Whilst trawling the internet recently in an attempt to spoil the latest series of the family-friendly mega-hit Game of Thrones, I stumbled upon a worrying development from the real world. It is being widely-reported that all-pervasive custodian of your personal data, Google Inc, have been granted a patent which will prevent spoilers for the latest popular cultural landmarks from leaking from social media and into your consciousness. Aghast to find that I might be deprived of my ability to seem knowledgeable in polite society without having to divert the majority of my income to subscription-only television channels, I determined to find out more.
System and method for processing content spoilers
The patent granted to Google is US9,002,942. It is granted and in force in the US. If we have a little nose around, we also find that Google file an International patent application (PCT) claiming the same date of priority as US’942, and therefore we may see corresponding patents arising worldwide in due course.
So what exactly have Google obtained a monopoly for? In US’942, there are three independent claims: a method; a computer program product; and a system. If we concentrate on the method, we see that there is:
A method comprising:
receiving activity data describing an activity performed by a first user;
determining a first progress stage for a subject associated with the activity based at least in part
on the activity data;
receiving content data published by a second user;
determining whether the content data includes a spoiler for the first user based at least in part on the first progress stage;
responsive to determining that the content data includes the spoiler, obscuring the content data published by the second user from the first user;
generating a spoiler warning indicating that the obscured content data includes the spoiler; and
providing the spoiler warning to the first user.

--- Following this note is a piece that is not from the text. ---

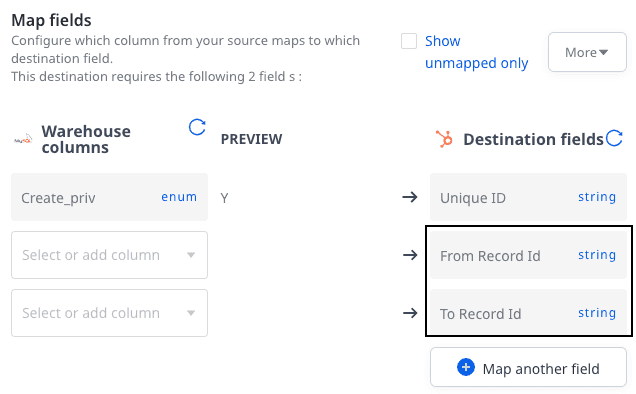 HubSpot connection settings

Seven critical steps are provided, which apparently add up to a new method which is both novel and inventive over prior technology. In short, this method amounts to:
I watch Game of Thrones Episode 1
It is determined that I have watched Episode 1
My friend tweets about Episodes 1 to 10
It is determined that the tweets contain spoilers beyond Episode 1
Spoilers are censored
Spoiler warning is raised
I am alerted to the presence of a spoiler
A relatively straightforward method, in truth; so simple, in fact, that one has to query whether or not this is indeed an invention at all.

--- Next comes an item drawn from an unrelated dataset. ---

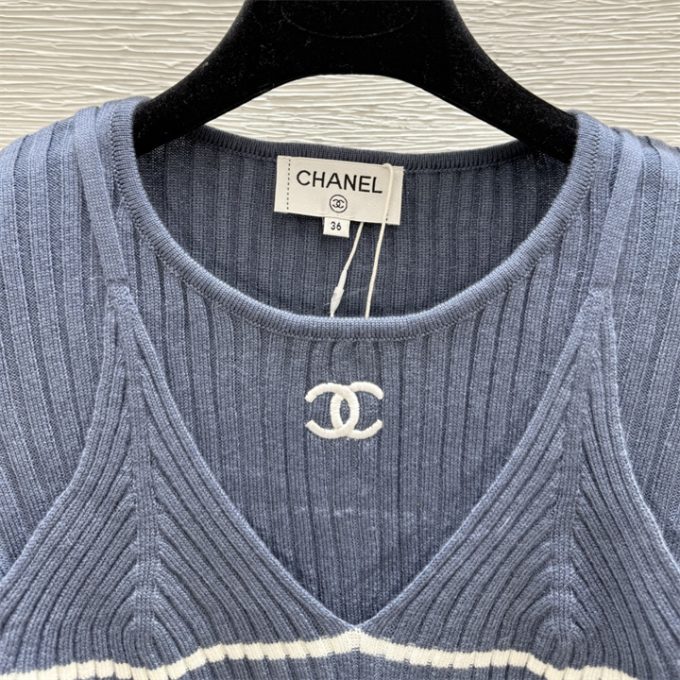シャネル セーター 2025年 CHANEL ストライプ フェイクレイヤード セーター ロングスリーブ トップス レディース - 画像 (6)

The critical feature would appear to be the determination of the relative knowledge that I, the spoilee, may have of the show, and therefore that the obscuring of the spoilers is responsive to my knowledge. It is also important that the content data from the second person, that is, my friend having seen all of the episodes previously, is published.
If a person is merely talking about the show but self-censoring spoilers, the spoilers are never published, even if the other person already knows which episodes I have viewed. A pre-implemented ‘spoiler warning’ on an online article is also not responsive to my actual knowledge of the show, even though the spoilers are publicly available. In this regard, it does indeed seem that even though the method is simple, there are sufficiently distinctive features present which warrant the grant of the patent.
Where does this leave everyone else?
Where does this patent leave products on the market which already provide spoiler blocking functionality, such as SpoilerShield. The priority date of US’942 is 8 October 2012 – the SpoilerShield app is first promoted as ‘coming soon’ via its blog on 12 August 2013.
The SpoilerShield appears to act responsively to the knowledge of a user, in that the user might turn on the shielding functionality for different television shows. It then actively blocks spoilers for the selected shows. Would such an app fall foul of the above method claim? Potentially, though the first progression stage as claimed may not necessarily be present in the methodology of the SpoilerShield, which seems to have binary on/off switches to activate and deactivate shields.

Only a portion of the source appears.